Prediction of surface wear of involute gears based on a modified fractal method

[+] Author and Article Information
Gang Li

Department of Mechanical Engineering, University of Maryland, Baltimore County, 1000 Hilltop Circle, Baltimore, MD 21250

Zhonghou Wang

School of Mechanical Engineering, University of Shanghai for Science and Technology, Shanghai 200093, China

Weidong Zhu

Fellow ASME, Division of Dynamics and Control, School of Astronautics, Harbin Institute of Technology, Harbin 150001, China; Department of Mechanical Engineering, University of Maryland, Baltimore County, 1000 Hilltop Circle, Baltimore, MD 21250

1Corresponding author.

ASME doi:10.1115/1.4041587 History: Received February 09, 2018; Revised September 20, 2018


A new wear prediction method of tooth surfaces of involute gears based on a real tooth surface model and a modified fractal method is developed. The real tooth surface model of an involute gear pair is introduced, and micro-geometry feature detection of tooth surfaces is achieved by monitoring variations of normal vectors of each discrete data point of the real tooth surface model. To predict wear progression of tooth surfaces of a gear pair, an abrasive wear analysis model and the modified fractal method are used to analyze contact performance and its changes with accumulation of surface wear.

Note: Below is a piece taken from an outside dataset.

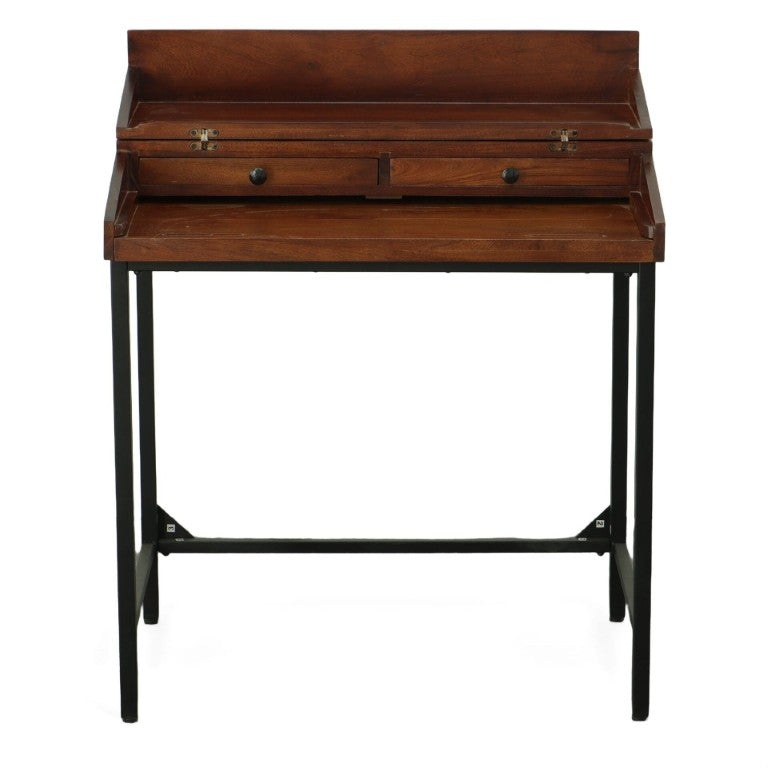 HomeRoots 31 Inch Chestnut Iron Frame Writing Desk Solid Wood Two Drawer Home Office Furniture 734770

The abrasive wear analysis model can analyze wear depths of gear tooth surfaces with sliding distances, local contact pressure and directions of wear progression based on the Archard's model. The modified fractal method is proposed to calculate instantaneous contact stiffness and estimate elastic and plastic deformation regions based on an asperity contact model. Micro-geometry features of tooth surface asperities can be described as the basis of an asperity contact model, and allow tooth contact analysis of real tooth surface models with their local micro-geometry feature changes due to plastic deformations. Feasibility and effectiveness of this wear prediction method were verified by comparing predicted results of gear surface wear progression with gear wear test results.